● **SUPPLIED RECORDS**
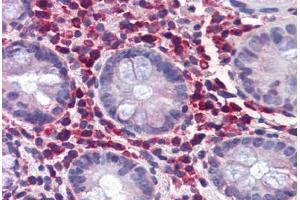 Human Colon (formalin-fixed, paraffin-embedded) stained with TRIM21 antibody ABIN337310 at 5 ug/ml followed by biotinylated anti-goat IgG secondary antibody ABIN481715, alkaline phosphatase-streptavidin and chromogen. (TRIM21 抗体  (AA 386-398))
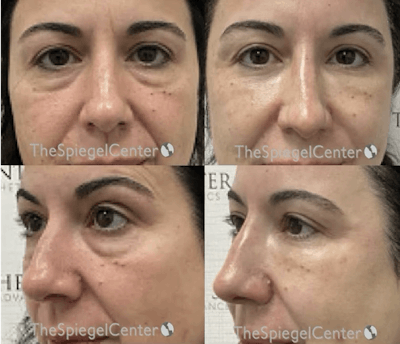 Non-Surgical Rhinoplasty / Nose Filler Before & After Gallery - Patient 107211 - Image 1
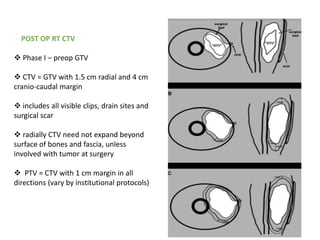 59
POST OP RT CTV
 Phase I – preop GTV
 CTV = GTV with 1.5 cm radial and 4 cm
cranio-caudal margin
 includes all visible clips, drain sites and
surgical scar
 radially CTV need not expand beyond
surface of bones and fascia, unless
involved with tumor at surgery
 PTV = CTV with 1 cm margin in all
directions (vary by institutional protocols)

● **WHAT THIS TASK INVOLVES**
All the material shown above is to be copied exactly, with no pictures carried over.

● **RESULT BELOW**
 Human Colon (formalin-fixed, paraffin-embedded) stained with TRIM21 antibody ABIN337310 at 5 ug/ml followed by biotinylated anti-goat IgG secondary antibody ABIN481715, alkaline phosphatase-streptavidin and chromogen. (TRIM21 抗体  (AA 386-398))
 Non-Surgical Rhinoplasty / Nose Filler Before & After Gallery - Patient 107211 - Image 1
 59
POST OP RT CTV
 Phase I – preop GTV
 CTV = GTV with 1.5 cm radial and 4 cm
cranio-caudal margin
 includes all visible clips, drain sites and
surgical scar
 radially CTV need not expand beyond
surface of bones and fascia, unless
involved with tumor at surgery
 PTV = CTV with 1 cm margin in all
directions (vary by institutional protocols)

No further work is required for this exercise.